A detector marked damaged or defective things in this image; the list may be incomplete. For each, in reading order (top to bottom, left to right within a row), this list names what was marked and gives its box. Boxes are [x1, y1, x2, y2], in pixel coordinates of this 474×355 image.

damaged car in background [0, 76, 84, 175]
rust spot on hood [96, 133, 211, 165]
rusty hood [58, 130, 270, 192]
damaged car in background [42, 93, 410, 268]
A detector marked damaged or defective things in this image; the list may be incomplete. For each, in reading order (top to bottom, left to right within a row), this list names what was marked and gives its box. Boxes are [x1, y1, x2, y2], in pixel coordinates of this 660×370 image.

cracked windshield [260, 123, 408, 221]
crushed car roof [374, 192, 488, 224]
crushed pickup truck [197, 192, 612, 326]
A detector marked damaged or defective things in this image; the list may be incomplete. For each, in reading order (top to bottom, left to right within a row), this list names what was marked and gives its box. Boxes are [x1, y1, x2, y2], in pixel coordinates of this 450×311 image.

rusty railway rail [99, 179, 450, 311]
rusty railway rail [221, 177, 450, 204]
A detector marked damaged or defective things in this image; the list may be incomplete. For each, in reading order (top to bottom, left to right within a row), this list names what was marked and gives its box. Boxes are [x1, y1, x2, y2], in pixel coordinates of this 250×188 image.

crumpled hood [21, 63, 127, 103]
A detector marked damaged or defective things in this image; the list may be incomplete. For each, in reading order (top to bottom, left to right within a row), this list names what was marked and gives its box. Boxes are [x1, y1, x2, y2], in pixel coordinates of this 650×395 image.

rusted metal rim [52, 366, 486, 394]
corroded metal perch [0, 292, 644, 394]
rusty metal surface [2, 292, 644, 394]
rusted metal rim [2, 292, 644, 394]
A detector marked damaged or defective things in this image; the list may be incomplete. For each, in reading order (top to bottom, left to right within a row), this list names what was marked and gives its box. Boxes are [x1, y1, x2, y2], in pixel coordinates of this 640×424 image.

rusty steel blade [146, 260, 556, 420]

_THE PROBLEM_
Print, exactly and only, the lines running from the one with "this 450×311 image." to the end of the data above.

_EXPECTED OUTPUT_
A detector marked damaged or defective things in this image; the list may be incomplete. For each, in reading order (top to bottom, left to right within a row), this list names what was marked and gives its box. Boxes are [x1, y1, x2, y2], in pixel coordinates of this 450×311 image.

rusty railway rail [99, 179, 450, 311]
rusty railway rail [221, 177, 450, 204]
A detector marked damaged or defective things in this image; the list may be incomplete. For each, in reading order (top to bottom, left to right within a row), this list names what was marked and gives its box. Boxes are [x1, y1, x2, y2], in pixel coordinates of this 250×188 image.

crumpled hood [21, 63, 127, 103]
A detector marked damaged or defective things in this image; the list may be incomplete. For each, in reading order (top to bottom, left to right within a row), this list names what was marked and gives its box. Boxes are [x1, y1, x2, y2], in pixel coordinates of this 650×395 image.

rusted metal rim [52, 366, 486, 394]
corroded metal perch [0, 292, 644, 394]
rusty metal surface [2, 292, 644, 394]
rusted metal rim [2, 292, 644, 394]
A detector marked damaged or defective things in this image; the list may be incomplete. For each, in reading order (top to bottom, left to right within a row), this list names what was marked and gives its box. Boxes are [x1, y1, x2, y2], in pixel coordinates of this 640×424 image.

rusty steel blade [146, 260, 556, 420]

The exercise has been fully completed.